2.3 Ciò posto e chiarito, le doglianze proposte dal Fallimento ricorrente sollecitano questa Corte di legittimità, peraltro sotto l’egida applicativa del vizio di violazione e falsa applicazione di legge ex art. 360, primo comma, n. 3, c.p.c., ad una rivisitazione della quaestio facti , tramite la rilettura degli atti istruttori di matrice documentale per accreditare una diversa quantificazione e qualificazione degli interessi, scrutinio che, invece, per come formulato, è inammissibile per il giudice di legittimità (così, Cass., Sez. 1, Ordinanza n. 3340 del 05/02/2019; cfr. anche Cass., Sez. 1, Ordinanza n. 24155 del 13/10/2017;Sez. 1, Ordinanza n. 640 del 14 /01/2019).
Ne consegue pertanto l’inammissibilità del ricorso.
Le spese del giudizio di legittimità seguono la soccombenza e vengono liquidate come da dispositivo.
Sussistono i presupposti processuali per il versamento da parte del ricorrente dell’ulteriore importo a titolo di contributo unificato pari a quello, ove dovuto, per il ricorso a norma del comma 1 bis dello stesso art.13 (Cass.
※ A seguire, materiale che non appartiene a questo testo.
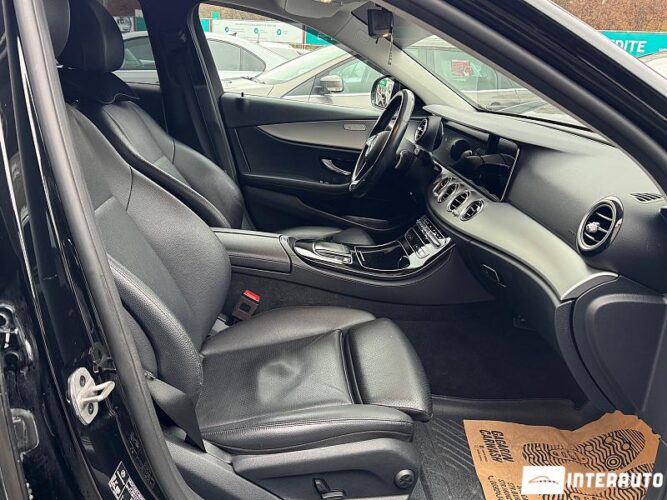 Mercedes E 200 36 mercedes E 200 2021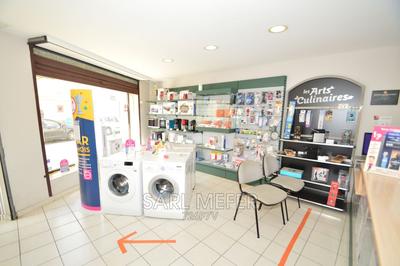 Local commercial - 210 m²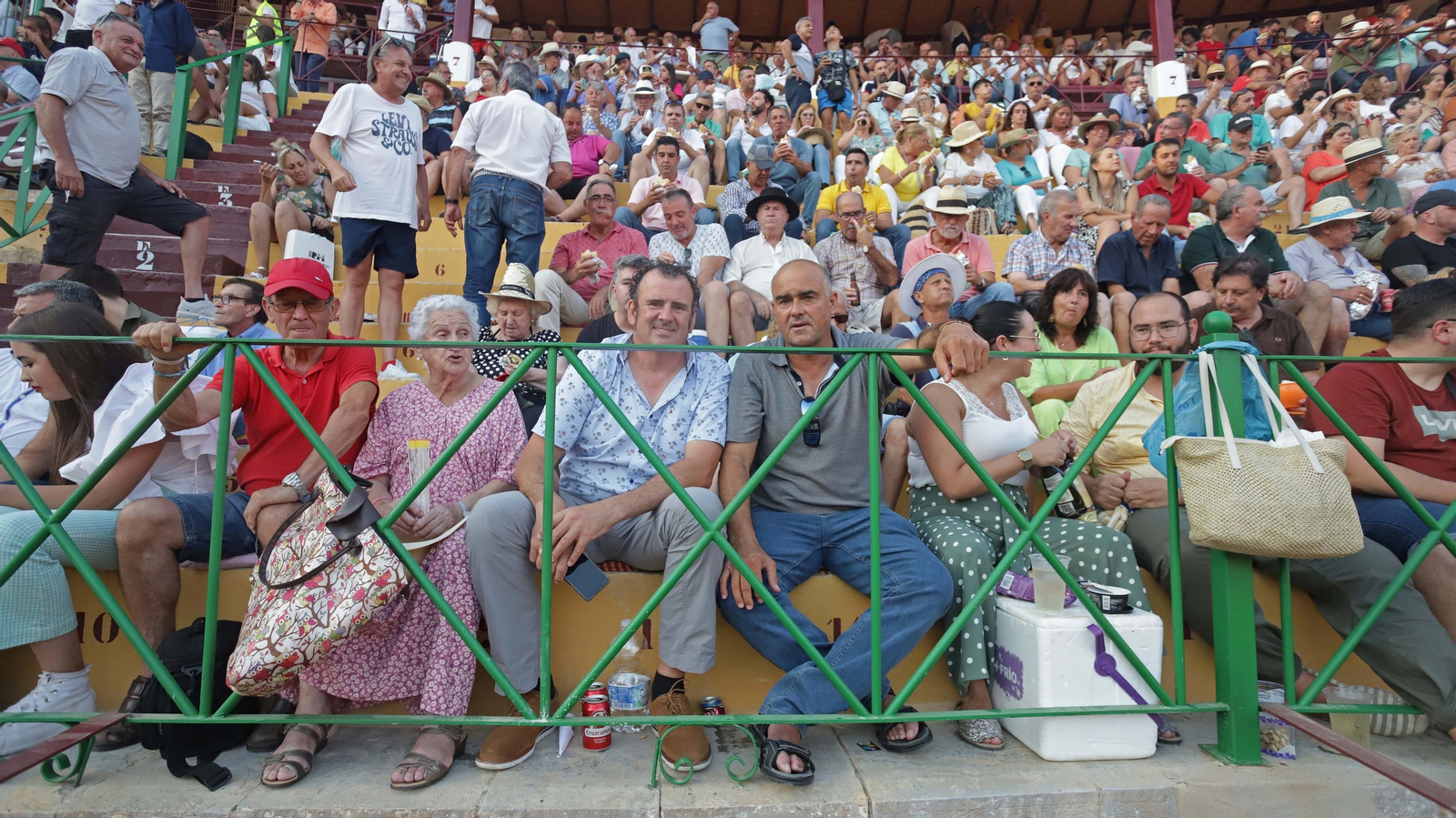 Ambiente en la corrida del viernes de la Feria de La Línea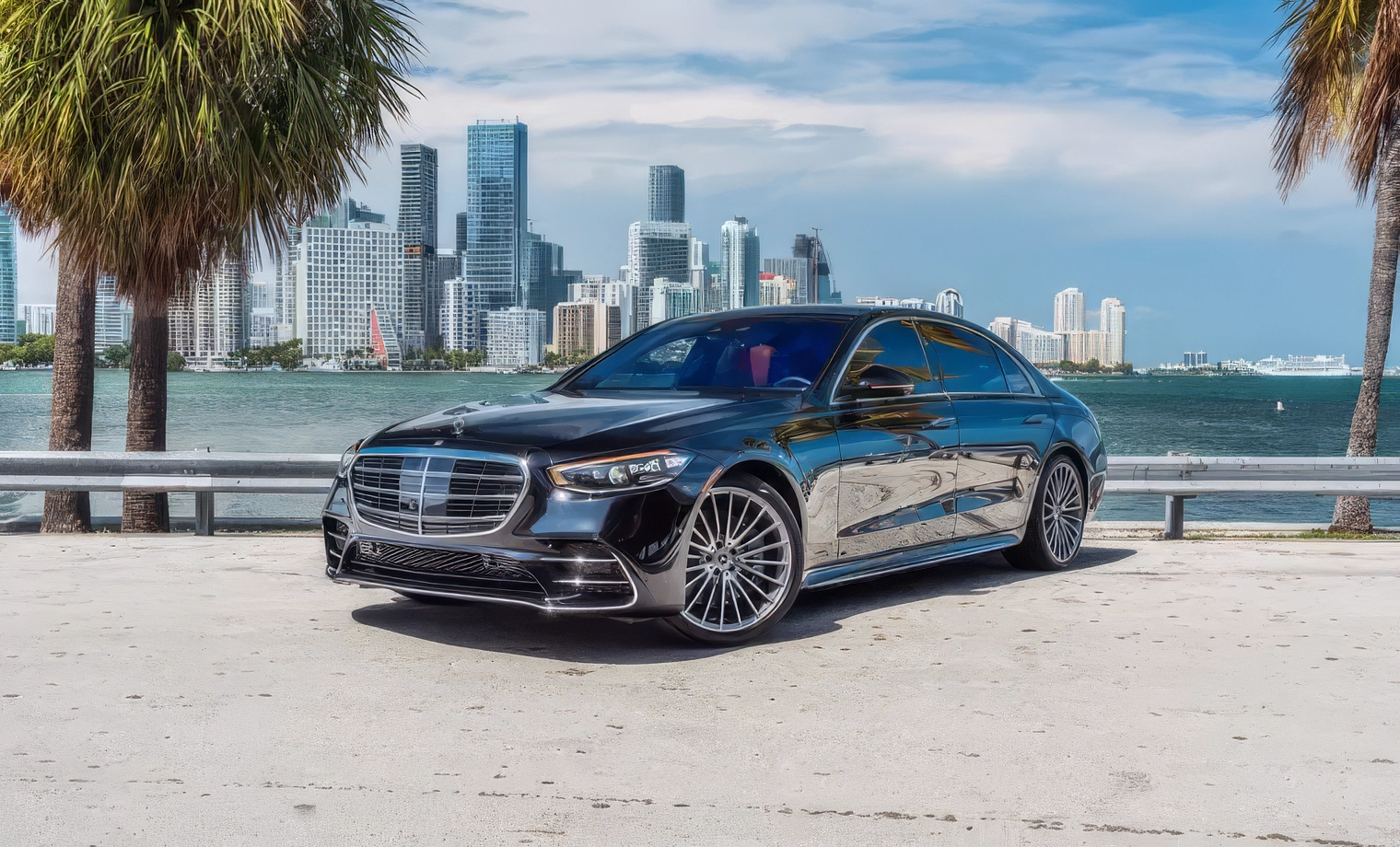 Mercedes-Benz S580 – Obsidian Black Metallic on Sienna Brown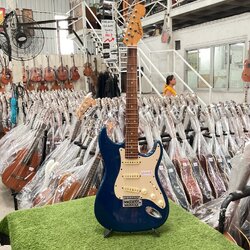 กีต้าร์ไฟฟ้า Legend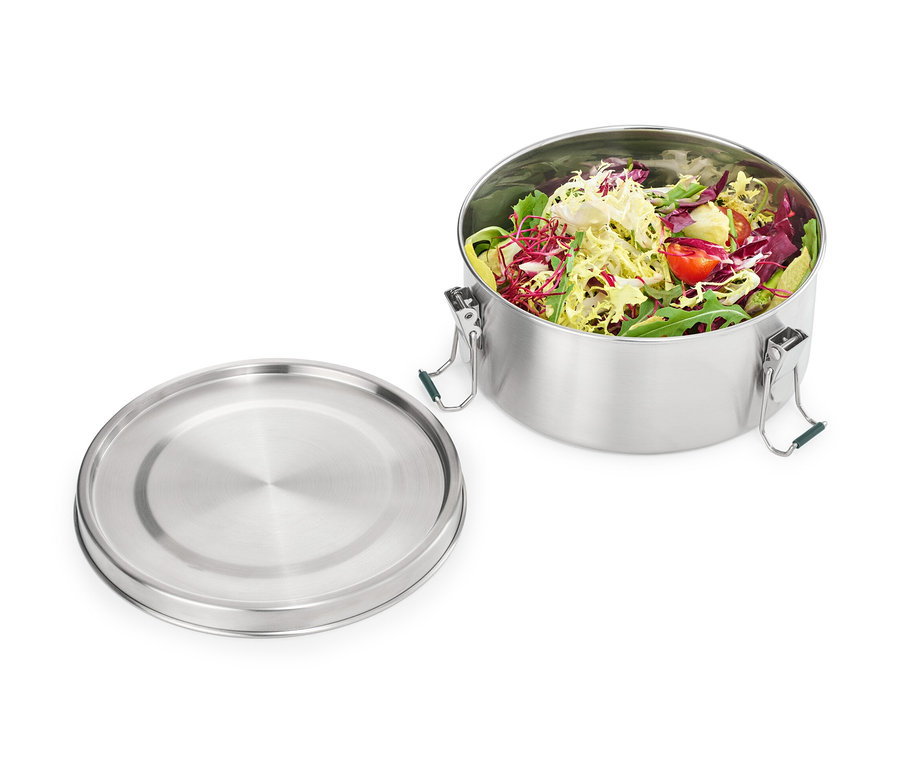 Geöffnete Edelstahl-Lunchbox gefüllt mit Salat, daneben der Deckel.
Sez. Un. 23535 del 2019).
P.Q.M.
dichiara inammissibile il ricorso e condanna la parte ricorrente al pagamento, in favore della controricorrente, delle spese del giudizio di legittimità, che liquida in euro 5.000,00 per compensi, oltre alle spese forfettarie nella misura del 15 per cento, agli esborsi liquidati in euro 200,00 ed agli accessori di legge.
Ai sensi dell’art. 13 comma 1 quater del d.P.R. n. 115 del 2002, inserito dall’art. 1, comma 17 della l. n. 228 del 2012, dà atto della sussistenza dei presupposti per il versamento, da parte del ricorrente, dell’ulteriore importo a titolo di contributo unificato pari a quello, se dovuto, per il ricorso principale, a norma del comma 1-bis, dello stesso articolo 13.